Conservative economics writer Stephen Moore, who has been advocating for the Federal Reserve to cut interest rates, told CNBC on Friday that he would feel vindicated if central bankers were to go down that path.
“We could call that ‘Moore’s revenge'” if the Fed ends up cutting rates, said Moore, who earlier this month under pressure withdrew his name from consideration by President Donald Trump for a nomination to the Federal Reserve board.
Moore, a proponent of easier monetary policy, believes the Fed should not be worried about stronger economic growth causing out-of-control inflation. “This is what my whole [Fed] campaign was about — that growth does not cause inflation.”
On “Squawk Box, ” Moore said the Fed’s quarter-point rate hike in December — the fourth such move of 2018 and at a time when markets were collapsing — was “unnecessary,” arguing that policymakers ought to reverse that decision.
Trump last month, in his most brazen attack yet on the central bank, called for a 1 percentage point rate reduction and money-printing quantitative easing. The president has expressed concerns that higher borrowing costs and balance sheet roll-offs could hurt economic growth, which he views, along with the stock market, as a benchmark of success for his fiscal policies.
Calls for a rate cut, which the markets seem to think is more and more likely as the Fed’s next move, come even as first-quarter growth came in at a robust 3.2%. Traditional monetary theory holds that stronger economic growth can stoke inflation, leading historically to the Fed increasing rates to hold price pressures at bay.
At the beginning of May, the Fed voted to hold rates steady. Fed Chairman Jerome Powell, at his post-meeting news conference, appeared to put cold water on a rate cut, calling the factors that drove inflation lower “transient.”

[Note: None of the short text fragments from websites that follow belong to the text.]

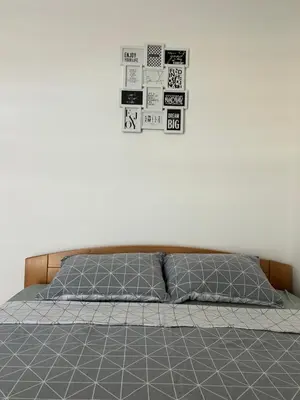 a bed with two pillows and posters on the wall at Apartman Dunja in Arandjelovac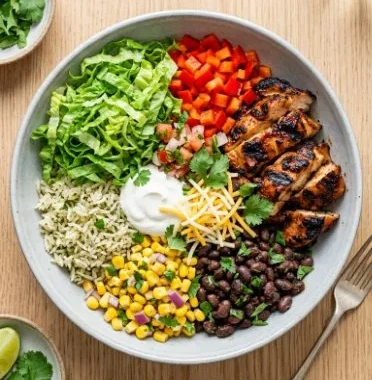 Chipotle Copycat Chicken Burrito Bowl 2 Homemade Chipotle copycat chicken burrito bowl with colorful ingredients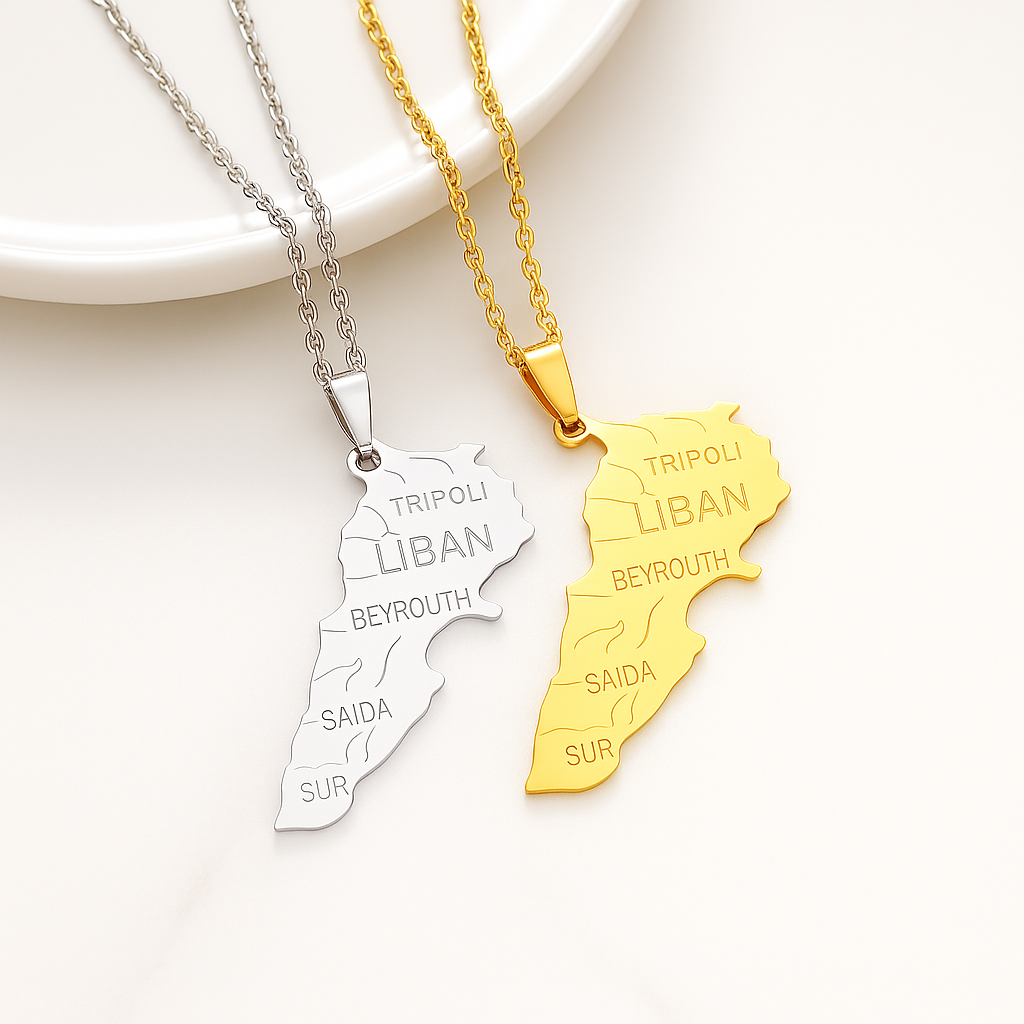 Zwei Halsketten mit Libanon-Karten-Anhänger mit gravierten Städtenamen wie Tripoli, Beirut, Saida und Sur – in Gold und Silber – auf hellem Hintergrund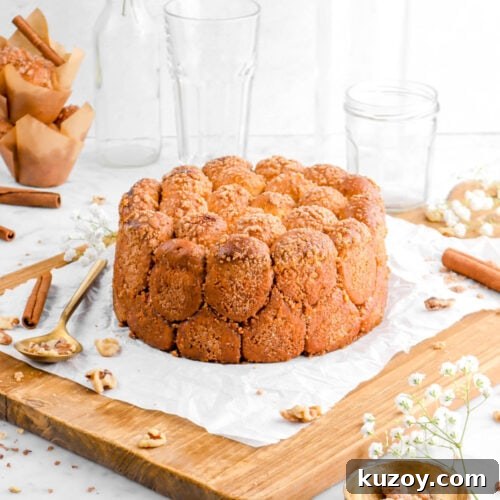 Cinnamon Sugar Walnut Pull-Apart Bread Recipe 26 cinnamon sugar walnut pull apart bread on crumbled parchment paper on a wood board with walnuts, cinnamon sticks, a gold spoon and bowl beside, a stack of muffins, an empty glass, and flowers behind
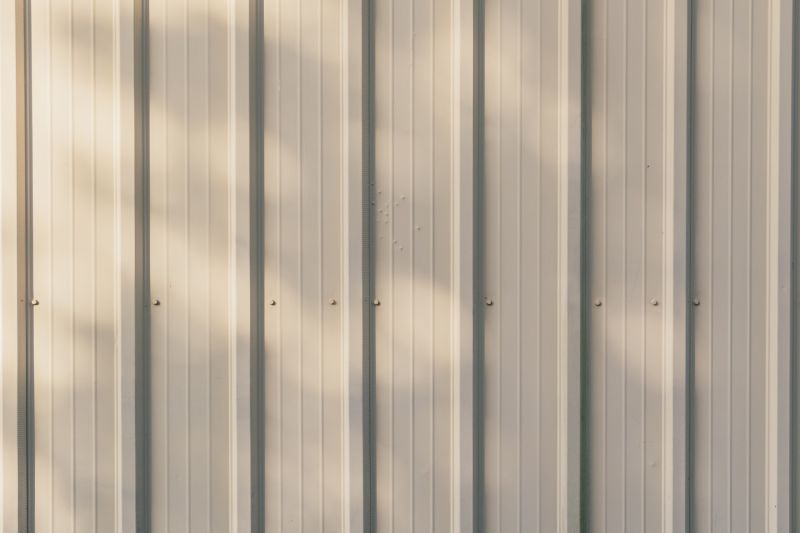 Worker attaching siding panels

On the escalating U.S.-China trade war, Moore contended “tariffs are taxes” and questioned whether the president should have the power to implement tariffs.
With trade talks stalling, the Trump administration last week increased duties on $200 billion worth of Chinese products from 10% to 25%. China on Monday retaliated with tariff hikes on U.S. goods. Then, on Wednesday, the president declared a national emergency over threats against U.S. technology, effectively blacklisting Chinese telecom giant Huawei from doing business with American firms.
“I don’t think that the Fed is going to be able to counteract” the impacts of the U.S.-China trade dispute by cutting rates, Moore said.